その後、Microsoftがアルトマン氏の受け入れを表明。OpenAIでは、アルトマン氏の解任を決めた理事会に対する反発が強く、最終的に9割を超える社員が理事の辞任を求める書簡に署名。要求が受け入れられない場合、アルトマン氏がMicrosoftで率いるAIリサーチ部門に加わる可能性を示していた。米報道によると、理事会から暫定CEOに指名されたエメット・シア氏(Twitchの元CEO)も、アルトマン氏の解任の正当性を裏付ける証拠を示すよう理事会に求めていた。

四面楚歌に陥り、組織崩壊の可能性に直面したことで、理事会がアルトマン氏との協議を受け入れ、CEO復帰で合意した。シア氏は、4日間の解任騒動について「全ての関係者が正しい行動をとり、安全性を最大化する道筋でした。この解決の一部になれたことを嬉しく思う」とXに投稿した。

初期理事は、ラリー・サマーズ元米財務長官、Salesforceの元共同CEOのブレット・テイラー氏(会長に就任)、そしてQuoraのCEO、アダム・ディアンジェロ氏が前理事会から残留した。この初期理事会はOpenAIのガバナンスを再構築し、新たに9人から成る新理事会を組織すると報じられている。

今後解任騒動の経緯の調査が行われるため、アルトマン氏は新理事会から外された。Microsoftから理事が選出される可能性も指摘されているが、注目点はまだ明かされていない前理事会がアルトマン氏の解任に踏み切った理由である。

OpenAIは、「広く利益をもたらす安全なAGI(汎用人工知能)の創造」をミッションに、公益を最優先する非営利組織が営利目的の事業会社を監督する体制になっている。そのOpenAIにおいて、公益優先の立場の理事と、事業の成長を優先するアルトマン氏との意見の相違が解任の背景にあったとの見方が出ている。

米報道によると、OpenAIの理事会は最大の出資者であるMicrosoftにも発表の直前までアルトマン氏の解任を伝えていなかった。社員や重要な関係者にも知らされなかった電撃解任であり、さらに解任後も説明責任を果たしていないことが、理事会に対する強い反発を引き起こした。だが、もしOpenAIのミッションである公益優先のAI開発を脅かす可能性が理由であったのなら、理事会にはCEOを解任する権限が与えられている。また、そうであったのなら、OpenAIだけの問題にとどまらない。米国で進められているAI規制や今後のAI開発にも関わってくる問題になる。

AI開発でリードする米国において、10月末にバイデン大統領が安全なAI開発と利用のための大統領令を発令したが、AI規制はまだ方向性が示された段階に過ぎない。
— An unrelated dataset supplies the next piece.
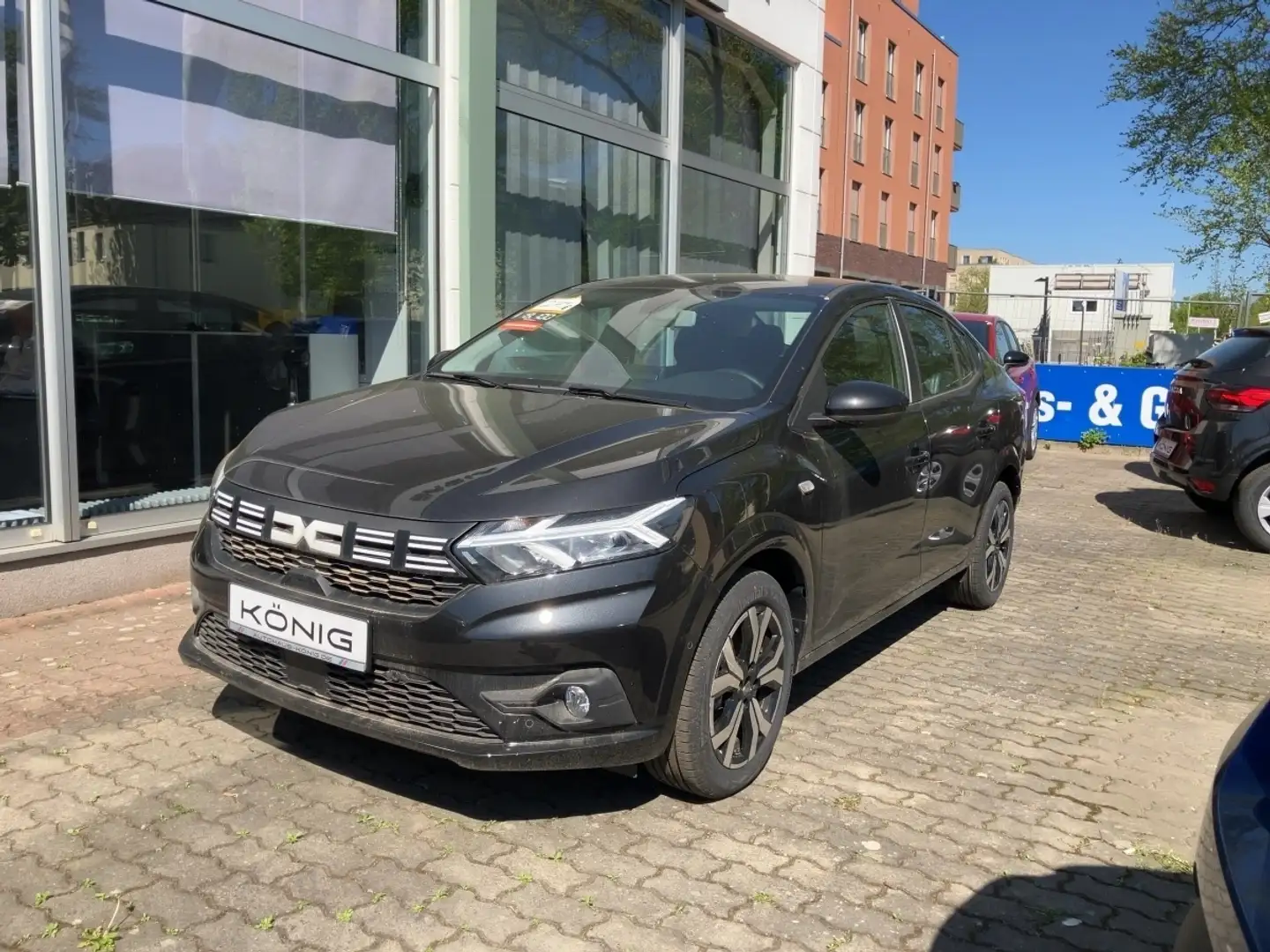 Dacia Logan Black Edition TCe 90 CVT Zwart - 1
Microsoftは、公益を重んじるOpenAIで開発された技術をパートナーシップを通じて製品に利用することで、安全かつ迅速なAI活用のバランスを保っており、それによってMicrosoftは現在の生成AIブームにおいて強い存在感を示せている。企業による自制が求められる現在のAI開発において、OpenAIは安全で責任あるAI技術の開発と普及において重要な役割を担っている。そのため、解任劇でOpenAIの研究者や社員の大量離脱が起こっていたら、AI開発に対する懸念を強める大きなリスクがあった。